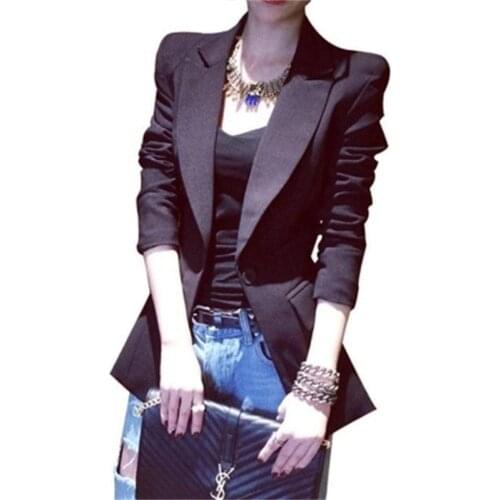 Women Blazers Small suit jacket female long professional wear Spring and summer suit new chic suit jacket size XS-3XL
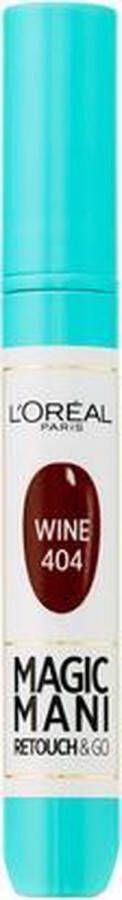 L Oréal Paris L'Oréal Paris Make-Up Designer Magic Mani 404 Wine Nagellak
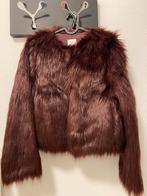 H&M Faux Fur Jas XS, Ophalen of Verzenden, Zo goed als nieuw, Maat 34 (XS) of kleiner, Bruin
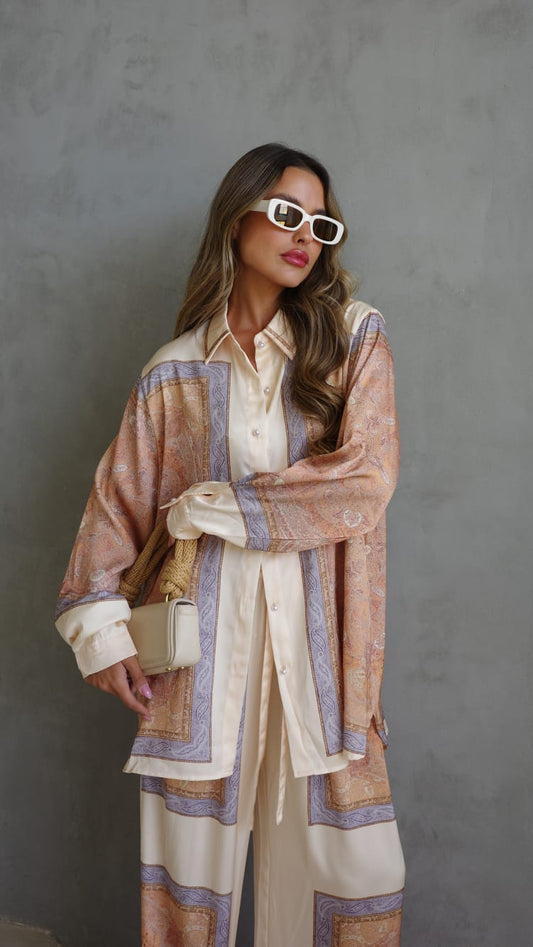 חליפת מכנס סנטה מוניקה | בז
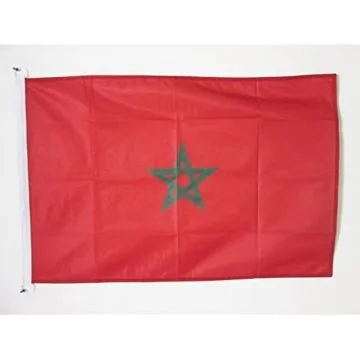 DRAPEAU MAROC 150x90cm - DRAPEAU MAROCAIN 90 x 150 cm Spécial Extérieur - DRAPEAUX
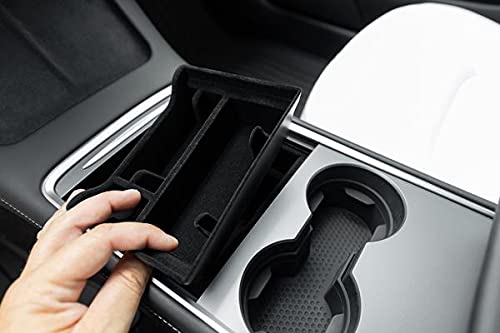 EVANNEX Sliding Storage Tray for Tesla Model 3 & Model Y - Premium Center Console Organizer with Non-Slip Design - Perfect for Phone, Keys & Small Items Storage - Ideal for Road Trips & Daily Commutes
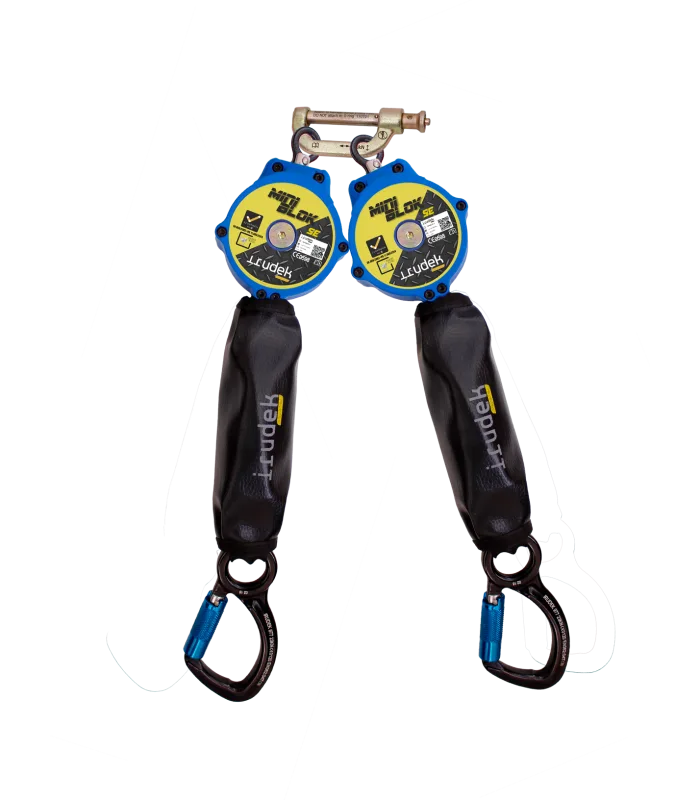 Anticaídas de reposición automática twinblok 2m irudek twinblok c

-----

Exercise goal. Reproduce the lines of the listing exactly, starting at the one that contains "DRAPEAU MAROC 150x90cm" and continuing through the final line, but leave out the pictures.

Output.
 DRAPEAU MAROC 150x90cm - DRAPEAU MAROCAIN 90 x 150 cm Spécial Extérieur - DRAPEAUX
 EVANNEX Sliding Storage Tray for Tesla Model 3 & Model Y - Premium Center Console Organizer with Non-Slip Design - Perfect for Phone, Keys & Small Items Storage - Ideal for Road Trips & Daily Commutes
 Anticaídas de reposición automática twinblok 2m irudek twinblok c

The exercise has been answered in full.